Wabup Ferizal menjelaskan, sejak dulu hingga kini persoalan sengketa tanah adat menjadi persoalan yang kompleks sekaligus ‘rahasia umum’ di tengah masyarakat. Menurutnya, kasus-kasus sengketa tanah adat, diduga banyak terjadi karena kurang sinkronnya hukum adat dengan UU Perdata, sehingga penyelesaiannya cenderung menjadi kontra produktif.
Di sini, perananan niniak mamak selaku pemimpin kaum di dalam nagari dibutuhkan terutama dalam hal pengawasan serta wadah buat memediasi sengketa, seperti antara anak- kemenakan. Jangan sampai, persoalan tanah ulayat, yang sedianya dapat diselesaikan secara hukum adat, bermuara ke ranah hukum Perdata di pengadilan.
“Kemudian, seperti kita ketahui di dalam ketentuan UU nomor 5 tahun 1960 tentang Peraturan Dasar Pokok-Pokok Agraria. Disana dijelaskan, bahwa pemerintah baik pemerintah daerah maupun nagari, sebenarnya memiliki kewenangan dalam penyelesaian konflik tanah adat,” sebut Ferizal.
Pemerintah, lanjutnya, juga wajib memetakan serta mendata batas-batas atau status tanah adat sebelum menetapkan status pemanfaatan di dalam wilayahnya. Apalagi, tahun lalu (2016) pemerintah pusat sudah mengeluarkan kebijakan melalui PP Nomor 9 Tahun 2016 tentang Percepatan Pelaksanaan Kebijakan Satu Peta.
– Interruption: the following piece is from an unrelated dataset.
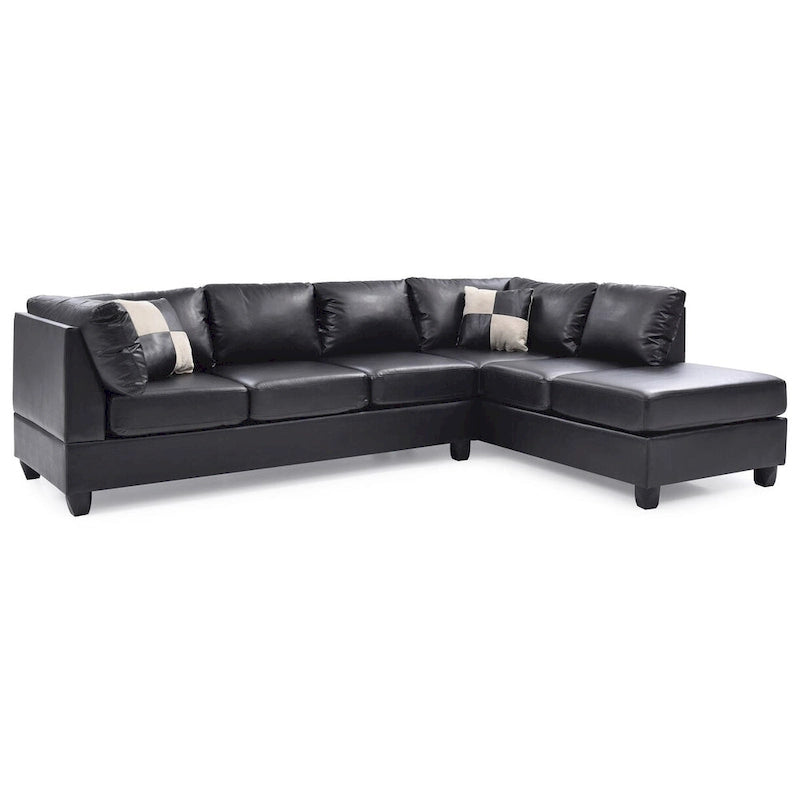 Malone 111 in. Faux Leather 4-Seater Sectional Sofa with 2-Throw Pillow - 111 L x 78 W x 34 H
Seperti halnya tanah adat yang berstatus ‘harato pusako tinggi’ dan ‘harato pusoko rondah’. Jika harato pusako tinggi, katanya, secara hukum adat, itu tidak boleh dijual tetapi sifatnya hanya hak pakai. Begitu pula sebaliknya, jika harato pusako randah, itu secara hukum adatnya boleh diperjual belikan. (wba).